Common chemo toxicities?

- Bone marrow suppression: pancytopenia

- GI toxicity – nausea, diarrhea (or constipation), oral mucositis

- General: fatigue, loss of appetite, dysgeusia

- Alopecia


Specific chemo toxicities?

- Neuropathy: taxanes, platinum (oxaliplatin), vinca alkaloids

- Cardiac: anthracyclines (doxorubicin)

- Hand-foot syndrome: 5FU/capecitabine

- Nephrotoxicity: cisplatin

- Diarrhea: 5FU, irinotecan


What do pts fear most about chemo? What can be done?

Nausea, but now we have some great anti-emetics:

- 5HT antagonists (ondansetron)

- Steroids (dexamethasone)

- NK1 antagonists (aprepitant)


Fun Fact: With few exceptions, solid tumors with residual gross disease cannot be cured with chemotherapy alone (cancer stem cells)



Who is more likely to benefit from chemo?

- Patients with more chemoresponsive tumors

- Patients with fewer comorbidities

- Patients with good social support and understanding of their condition

- Patients with a good performance status

While these patients’ cancer cells don’t have a higher chance of being killed by chemotherapy, they have a higher chance of tolerating treatment and clinically deriving benefit


What is ECOG performance status?

Grades given to people...

- Associated highly with prognosis

- Validated score for determining who has an acceptable chance of benefiting from chemotherapy (ECOG PS 0-2)

- Good PS usually a criterion for clinical trials


Case 2) - An 18 year old male presents with a large testicular mass. Orchiectomy is performed, and pathology reveals choriocarcinoma (nonseminomatous germ cell tumor).
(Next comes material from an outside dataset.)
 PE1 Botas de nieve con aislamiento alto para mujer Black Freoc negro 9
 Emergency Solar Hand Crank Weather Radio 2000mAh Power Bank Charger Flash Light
He is in otherwise excellent health, and his only additional complaints are vague abdominal pain and shortness of breath with vigorous exertion (ECOG PS 1).

- What is the treatment recommendation? - What is the goal of treatment?

- What is the pt prognosis?

- Why is this pt's disease potentially curable? 

- Recommend: combo chemo -> resection of residual

- Goal = cure

- Prognosis: Excellent (75-80% complete response rate to chemotherapy, 85-90% 5 year progression-free survival)

- Dz is curable due to biology (exquisite chemoresponsiveness)


What can be done with stage III colorectal cancer to improve prognosis after surgery?

Adjuvant therapy with 5FU-based chemo

- Adjuvant chemotherapy for Stage III colon cancer improve DFS and OS


When is adjuvant chemo for Stage III colon rectal cancer recommended; what are the outcomes?


How can neoadjuvant chemo improve outcomes in locally advanced cancer?

- May improve resectability by shrinking tumor

- Increases the chance that patients actually receive adjuvant therapy (chemo better tolerated pre-op)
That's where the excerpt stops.